* **ASSIGNMENT**: Restate word for word the lines of the entries below, starting with the line that holds "Calcutta High Court" and ending with the line that holds "BRACELET 16713", and no others.

* **GIVEN INFORMATION**:

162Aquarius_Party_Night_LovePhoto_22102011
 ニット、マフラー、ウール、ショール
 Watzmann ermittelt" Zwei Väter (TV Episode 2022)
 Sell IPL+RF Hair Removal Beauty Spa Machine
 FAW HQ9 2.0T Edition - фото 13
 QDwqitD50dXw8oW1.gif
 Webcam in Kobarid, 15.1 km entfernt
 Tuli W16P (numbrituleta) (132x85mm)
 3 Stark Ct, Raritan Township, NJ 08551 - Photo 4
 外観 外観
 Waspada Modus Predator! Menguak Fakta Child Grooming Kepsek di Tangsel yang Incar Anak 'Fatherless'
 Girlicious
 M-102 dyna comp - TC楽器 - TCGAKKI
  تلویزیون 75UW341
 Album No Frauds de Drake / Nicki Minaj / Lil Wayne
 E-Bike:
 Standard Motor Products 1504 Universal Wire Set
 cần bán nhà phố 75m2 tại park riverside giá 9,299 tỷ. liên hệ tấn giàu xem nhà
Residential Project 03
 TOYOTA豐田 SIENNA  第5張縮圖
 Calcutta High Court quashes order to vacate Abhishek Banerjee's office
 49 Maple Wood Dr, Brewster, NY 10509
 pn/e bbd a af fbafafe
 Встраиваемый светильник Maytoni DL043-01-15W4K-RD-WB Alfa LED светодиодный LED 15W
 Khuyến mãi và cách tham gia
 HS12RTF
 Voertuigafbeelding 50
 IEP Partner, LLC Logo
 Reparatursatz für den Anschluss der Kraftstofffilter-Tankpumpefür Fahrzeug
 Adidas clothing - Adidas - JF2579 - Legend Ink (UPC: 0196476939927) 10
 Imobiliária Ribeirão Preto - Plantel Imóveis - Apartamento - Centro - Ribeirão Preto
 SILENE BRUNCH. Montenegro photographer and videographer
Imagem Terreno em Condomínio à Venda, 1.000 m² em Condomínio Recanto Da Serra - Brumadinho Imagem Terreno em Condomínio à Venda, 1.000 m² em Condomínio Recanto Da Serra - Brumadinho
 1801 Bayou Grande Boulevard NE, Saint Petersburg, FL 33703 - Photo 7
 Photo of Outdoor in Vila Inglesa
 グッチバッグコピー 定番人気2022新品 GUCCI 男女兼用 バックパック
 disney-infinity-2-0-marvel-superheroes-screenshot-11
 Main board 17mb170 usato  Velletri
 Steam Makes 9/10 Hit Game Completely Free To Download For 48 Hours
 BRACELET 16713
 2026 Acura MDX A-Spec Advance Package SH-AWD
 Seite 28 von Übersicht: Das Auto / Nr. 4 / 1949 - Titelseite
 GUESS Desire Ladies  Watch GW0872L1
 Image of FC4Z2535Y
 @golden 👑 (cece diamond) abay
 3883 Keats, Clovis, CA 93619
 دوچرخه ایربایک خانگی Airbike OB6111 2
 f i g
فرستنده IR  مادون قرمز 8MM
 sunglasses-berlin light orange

* **COMPLETED TASK**:
 Calcutta High Court quashes order to vacate Abhishek Banerjee's office
 49 Maple Wood Dr, Brewster, NY 10509
 pn/e bbd a af fbafafe
 Встраиваемый светильник Maytoni DL043-01-15W4K-RD-WB Alfa LED светодиодный LED 15W
 Khuyến mãi và cách tham gia
 HS12RTF
 Voertuigafbeelding 50
 IEP Partner, LLC Logo
 Reparatursatz für den Anschluss der Kraftstofffilter-Tankpumpefür Fahrzeug
 Adidas clothing - Adidas - JF2579 - Legend Ink (UPC: 0196476939927) 10
 Imobiliária Ribeirão Preto - Plantel Imóveis - Apartamento - Centro - Ribeirão Preto
 SILENE BRUNCH. Montenegro photographer and videographer
Imagem Terreno em Condomínio à Venda, 1.000 m² em Condomínio Recanto Da Serra - Brumadinho Imagem Terreno em Condomínio à Venda, 1.000 m² em Condomínio Recanto Da Serra - Brumadinho
 1801 Bayou Grande Boulevard NE, Saint Petersburg, FL 33703 - Photo 7
 Photo of Outdoor in Vila Inglesa
 グッチバッグコピー 定番人気2022新品 GUCCI 男女兼用 バックパック
 disney-infinity-2-0-marvel-superheroes-screenshot-11
 Main board 17mb170 usato  Velletri
 Steam Makes 9/10 Hit Game Completely Free To Download For 48 Hours
 BRACELET 16713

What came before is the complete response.